I'd look into wheels for the front... something that might be put on a wagon? Training wheels maybe? 

I'd try looking at the specs on sullivans and find a compareable dog dryer. I had looked a few before I was given a dryer for farn sitting. Its all the same concept... look at HP and if its two speed... I prefer two speed.


----------



## MollieGoat (Jul 7, 2012)

Sometimes Sullivan's sell used blowers that are reduced in price... Not sure how much though. Craigslist will also sometimes have blowers in their listings


----------



## ptgoats45 (Nov 28, 2011)

You could also try to contact your local 4-H/FFA and see if they have a member that is ending their show career and has supplies for sale.


----------



## wildegoats0426 (Aug 30, 2013)

I just ended my local ffa lol, I know all the Ag teachers and they don't have anything. But I think I may have to just spend the money on something good


----------



## RoseBoerGoats (Oct 17, 2013)

If you look on PetEdge, they are decently priced.

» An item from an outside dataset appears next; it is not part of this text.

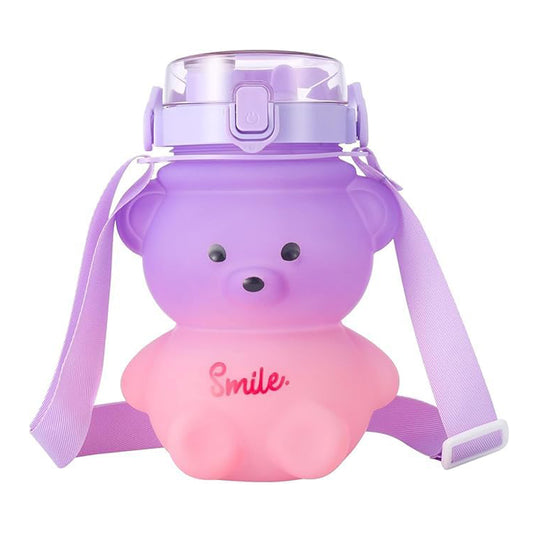 Cute Bear Straw Bottle 1000ml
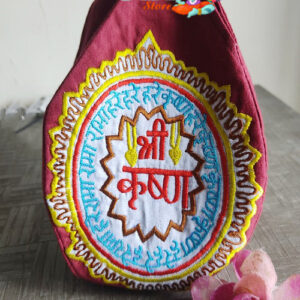 Shri Krishna Embroidery Japa Bead Bag-Premium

https://www.petedge.com/zpetedgemai...ppid=PEDM_WEBSHOP_TR&wec-locale=en_US&cm=4086

I have this one in purple and loooove it. I use it for the dogs, goats, and horses! A little pricey but I had saved up quite some time for it lol.

https://www.petedge.com/zpetedgemai...2&view=grid&wec-locale=en_US&filter=Brand=K-9


----------



## RobinS (Nov 16, 2013)

*Blower for sale*

 Hi, I am in the Austin area- my daughter used to show in HS. She has moved out and moved on - but I do still have her blower an Elite Show Supply, Elite 2. We got it used, bought a brand new hose and extra filter for it. It works great still. I'll sell it for $150.


----------



## RobinS (Nov 16, 2013)

Elite Show Supply Elite II Blower for sale- 
Look for it on Austin Craigslist.


----------